Global Monitoring

Monitoring across multiple Open Cirrus sites is done via Ganglia. The central point of data collection is in the Big Data cluster at ILP. A Ganglia web interface displaying some machine statistics is available here.

Below are some instructions about how to deploy Ganglia at your site as well as some information about some of the additional information (metrics) we added in our Ganglia installation.

Installing Ganglia

We have installed Ganglia 3.1.2 because the version that is the default on most distros (2.5.x) lacks the ability to spoof metrics. The Ganglia website mentions that it should be possible to combine data from different versions, but we have not tested this yet. A spoofed metric is one that is provided by one host but applied to another. The description of our monitoring of power usage below gives an example where this is useful.

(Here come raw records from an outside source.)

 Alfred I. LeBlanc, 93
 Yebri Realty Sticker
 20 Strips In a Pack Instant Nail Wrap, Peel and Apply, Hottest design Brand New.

If you choose to install 3.1.x, you'll likely need to get it from somewhere besides your operating system's default repository. You can either compile it from source, or, if you are using 64-bit Ubuntu Hardy (8.04), download packages that I have built:

If you choose to install one from the 2.5.x series, you can likely just install it using yum, apt-get, or whatever package manager is your favorite.

Configuring Ganglia

It might be useful to give a very quick description of what Ganglia consists of. There are two primary components to a Ganglia installation, gmond and gmetad. gmond collects metrics about the machine it is on, gathers statistics from other machines on the network, and produces XML output that displays all metrics for the consumption of gmetad (or other tools). gmetad collects statistics from a gmond and uses RRDs to provide historical information. It is also used when lookups are performed by the web interface.

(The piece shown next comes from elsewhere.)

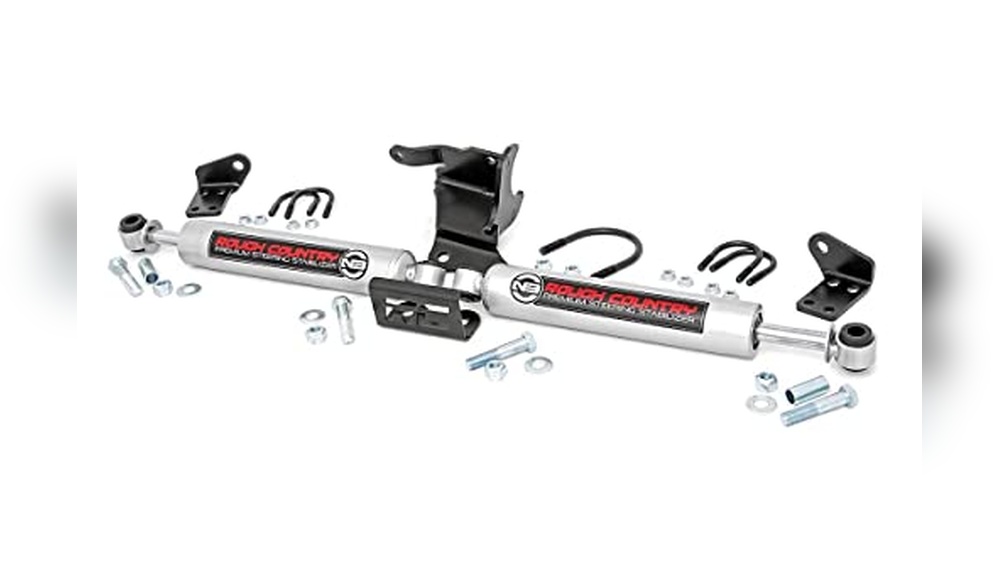 best steering stabilizer for jeep jl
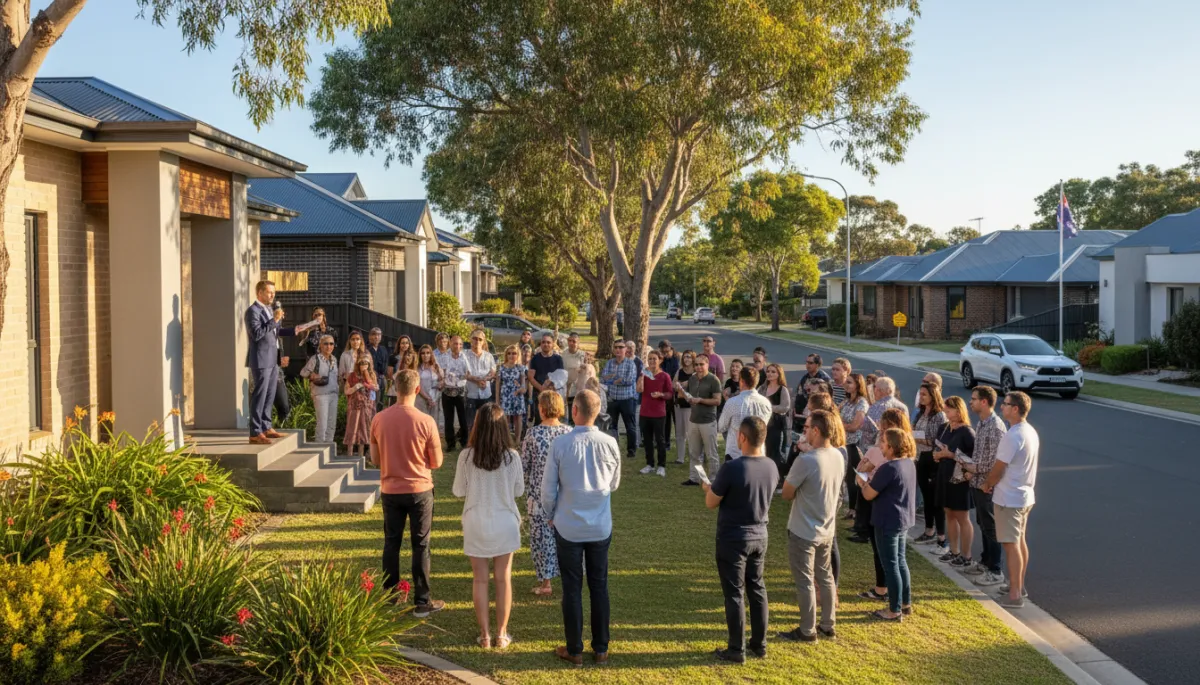 Auction Activity Increases, but Buyers Remain Cautious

Typically, it is not necessary to adjust the default configuration provided with Ganglia. If you're going to use the default multicast address and simply expose port 8649 (the default port that gmond listens on to dump XML), it will likely be enough to install gmond on every node in a cluster and open a hole in the firewall for tcp access to port 8649 for atleast on node internally. It must be possible for to connect to your gmond (or gmetad) instance in order for the gmetad running here to access your site.

There are some configuration changes that may need to be made, however. At our site, the default multicast IP was changed since another user of the cluster already had an installation of Ganglia running and we didn't want to mix the data. Additionally, the frequency of metric collection was upped at our site. If your site has multiple multicast domains, it will be necessary to either give access to atleast one machine's gmond in each domain or run a gmetad installation yourself and then expose it to our gmetad (gmetad by default uses tcp ports 8651 and 8652).

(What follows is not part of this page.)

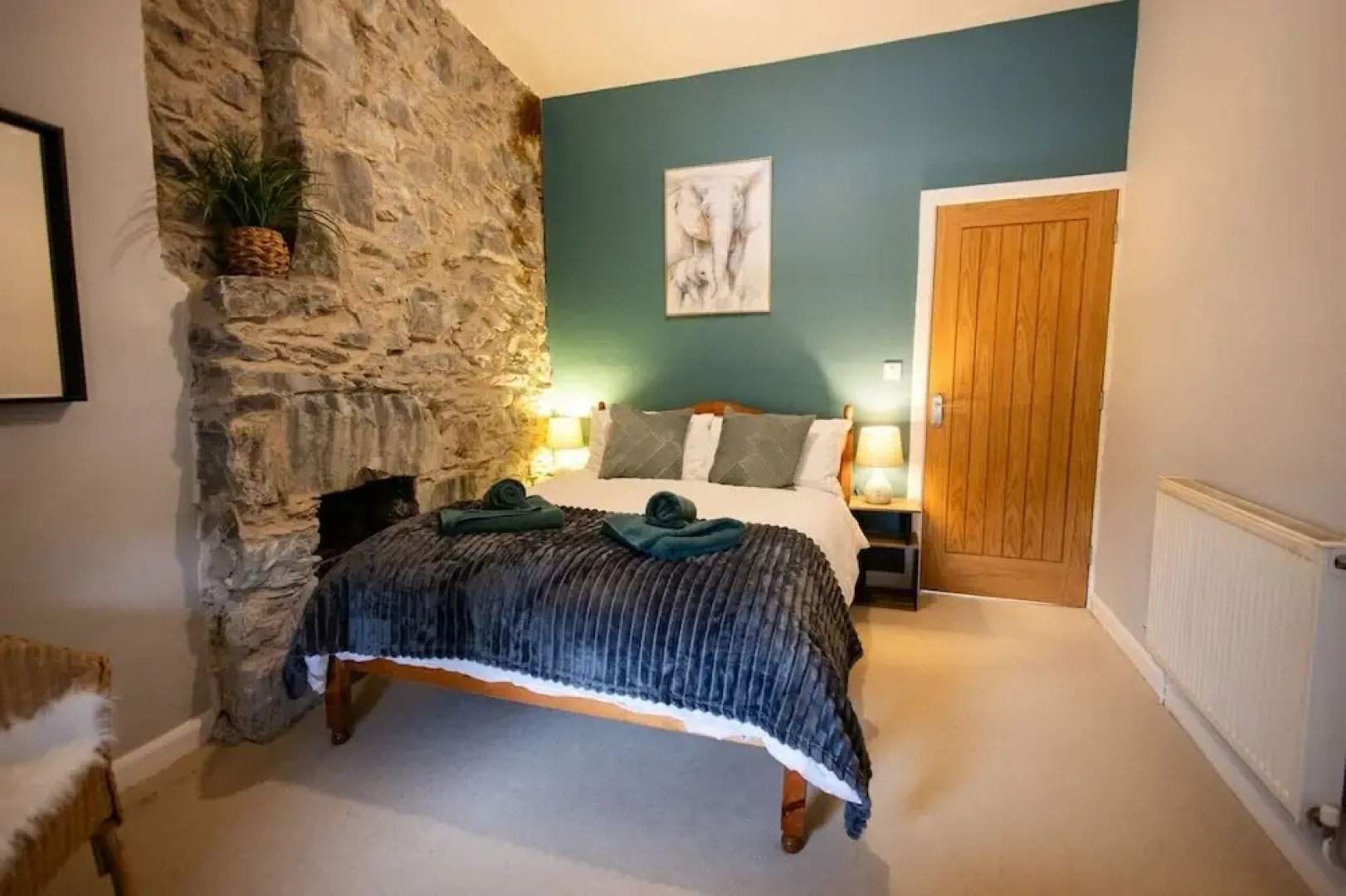 Gwynfa 2 Bedroom Cottage in Betws y Coed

Additional Steps (optional)

We have added additional metrics to Ganglia in order to monitor other properties of machines. One rich soure of machine data is IPMI, which can provide thermal, power, and system error data depending on what hardware configuration you have. These values can easily be converted into metrics using Ganglia's gmetric command line tool and a simple script. In addition to this, we also collect power usage data via SNMP for some nodes and spoof it as a metric for those machines (this is why we needed to use something newer than Ganglia 2.5.x). Using sar to gather metrics is also useful if you are interested in disk performance. Virtually any machine metric can be provided to Ganglia via the gmetric command line tool.

In addition to this, many software packages have user written addons that allow the collection of job data as Ganglia metrics including Hadoop, Maui/Torque, and Tashi.